Top Gear used to be a programme about cars. Really, it did. It began on 22 April 1977 and was presented by Angela Rippon and some bloke called Tom Coyne (nope, means nothing to me either). It was produced at BBC Pebble Mill in Birmingham because: a) Pebble Mill made a lot of programmes for the network then such as Pebble Mill at One, Saturday Night at the Mill, Milling from the Mill (ok I made that last one up; but they did like to use the word “mill” a lot) and; b) The Midlands was the centre of the UK car industry. It may come as a shock to people under the age of 30 to realise that the UK did have a car industry, but back in the day, Britain did make cars. OK, British Leyland (BL) was the butt of a lot of jokes mainly about the quality of their cars; How do you double the value of a BL car? Fill it up with petrol. So what if the Austin Allegro was more aerodynamic in reverse than it was going forwards, at least we produced something.
Top Gear in the 70’s and 80’s developed into a motoring consumer/review show. Sensible William Wollard would test drive the new Mini Metro while Noel Edmonds would test the Ford GT40 (well he did own one). It motored on (no pun intended…oh go on, yes that pun was completely intended) for years as a safe little magazine programme in the style of Tomorrow’s World and Watchdog.
Then in 1988, a young Performance Car Magazine journalist called Jeremy Clarkson appeared on the scene and it suddenly got interesting. During the 90’s the show transitioned with new younger presenters (well they were young then). Motoring journalist Quentin Wilson turned up (looking less like a used car salesman in those days); Professional northerner and motorbike enthusiast Steve Berry popped up on our screens and would constantly be confused for Andy Kershaw by southerners (“notherners all sound the same to us”); Formula 1 driver Tiff Needell joined the gang as did Vicki Butler Henderson. This was the winning formula, which took the ratings from 6 million to 3 million, and so in 2001 the show was cancelled. (To be fair this slump happened after a few of the big name stars such as Clarkson left towards the end of the 90’s.)

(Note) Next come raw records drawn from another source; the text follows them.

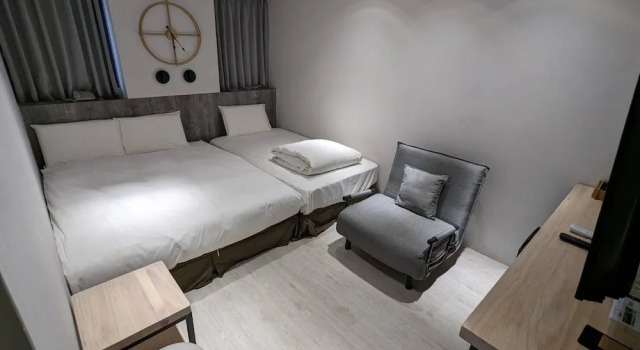 Трёхместный семейный номер Standard c 1 комнатой с видом на город Yes Home Hotel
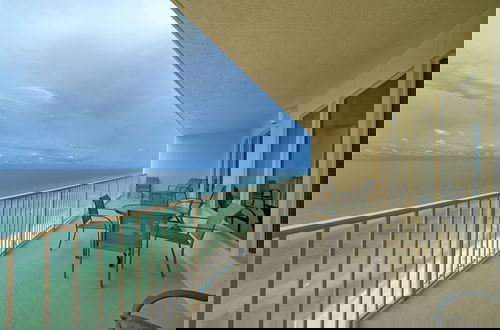 Foto 37 - Luxurious High-Rise Condo with Direct Beach Access & Beachside Pool - Unit 2105 by RedAwning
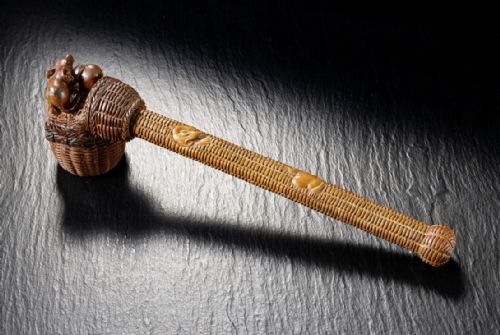 RARE JAPANESE MEIJI EARLY 20THC CARVED WOODEN NEZUMI YATATE BRUSH - ADDITIONAL PHOTO 7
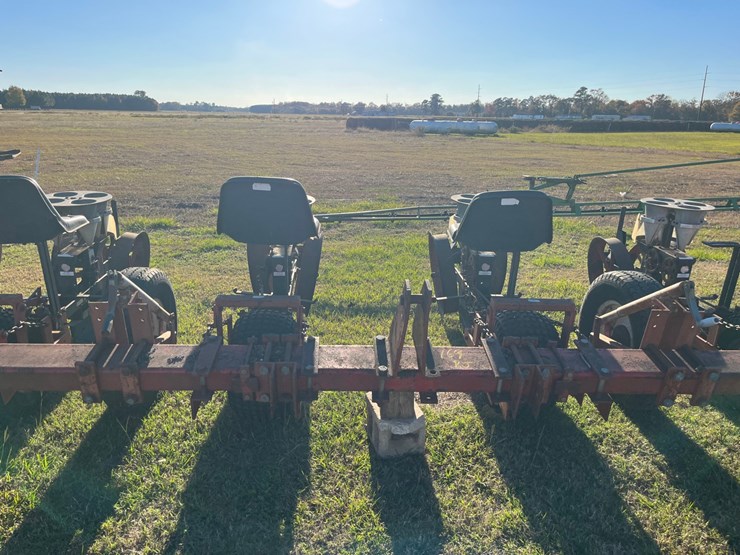 4-row-set-mechanical-6000-carosel-transplanters-on-a-210”x4”x7”-bar-located-at-1244-vandiford-thomas-rd-snow-hill-n-c--call-252-531-8061-for-info-image-7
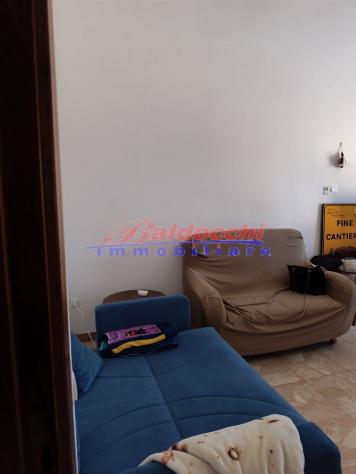 URBINO - Ampio quadrilocale con garage - Foto 14
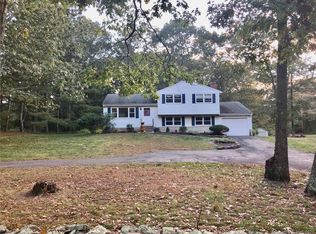 300 Saw Mill Rd, Guilford, CT 06437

It didn’t take long for many of the old presenters and production team to drive down the M1 to London and over to the newly launched Channel 5 to present Fifth Gear which was basically Top Gear with adverts. Realising their mistake the BBC decided to re-launch the programme with a new format (devised by Clarkson and his old Repton school friend and Exec Producer Andy Wilman) and they moved the production to London to be produced by BBC Entertainment. They kept James May, who had joined the gear gang in 1999 and recruited ex Men and Motors presenter Richard Hammond and turned it into a studio-based show. The emphasis of the show changed and it was less about sensible reviews of the latest Ford Fiesta and more about driving fast cars, blowing up caravans and generally dicking about. This was a motoring show for the LOADED generation and it worked well. Really, really well.
The new format made global stars of the trio as the BBC sold the show and its format all over the world. Along with Doctor Who it was one of the BBC’s biggest earners. Over the series the stunts and guest got bigger and the show looked to be unstoppable, until an unfortunate incident with a steak (or lack of one). The story is well documented; but in summary, Clarkson hit a producer, as there was no hot food after a day’s filming. The BBC said we can’t have people hitting each other and so his contract wasn’t renewed. Shortly afterwards May, Hammond and Wilman all left and went off to become Amazon’s new poster boys as the internet giant snapped them up to produce their new show The Grand Tour. This left the BBC with a problem. The show is big, really big, so they didn’t want to cancel it. Adopting the principle that “no show is bigger than its stars” they just needed to recast it. The BBC then spent the long and arduous task of trying to find a new host, and a couple of minutes later offered it to Chris Evans.
Evans is the BBC’s number one bad boy /good boy /volatile /reformed /loved /loathed presenter. He has had a torrid relationship with the BBC on and off the air. He left the Radio 1 Breakfast Show under a cloud in 1997, only to return to the Radio 2 Breakfast Show in 2010 “a reformed character”. Outspoken, loved by the public, prone to have tantrums with his production tea,..yep, he was a like-for-like replacement for Clarkson. Tick. Now what about the other presenters? This time around the BBC have gone for safety in numbers with a team of 6 presenters, but Evans’ main co host is Joey Tribbiani. Sorry, Matt LeBalnc. Top Gear is big in The States, but Evans is not, so the safest way to ease the transition and keep the US Dollars rolling into the Corporation was to stick a well known American star in it. So presenters cast, it was just a case of producing the show, right? Wrong. The Press had a field day (what exactly is a “field day” and why are the press the only ones to have one?); stories of disagreements between stars and producers, presenters not getting on, producers leaving…actually it all sounded remarkably similar to the old Top Gear, so perhaps this was a good omen!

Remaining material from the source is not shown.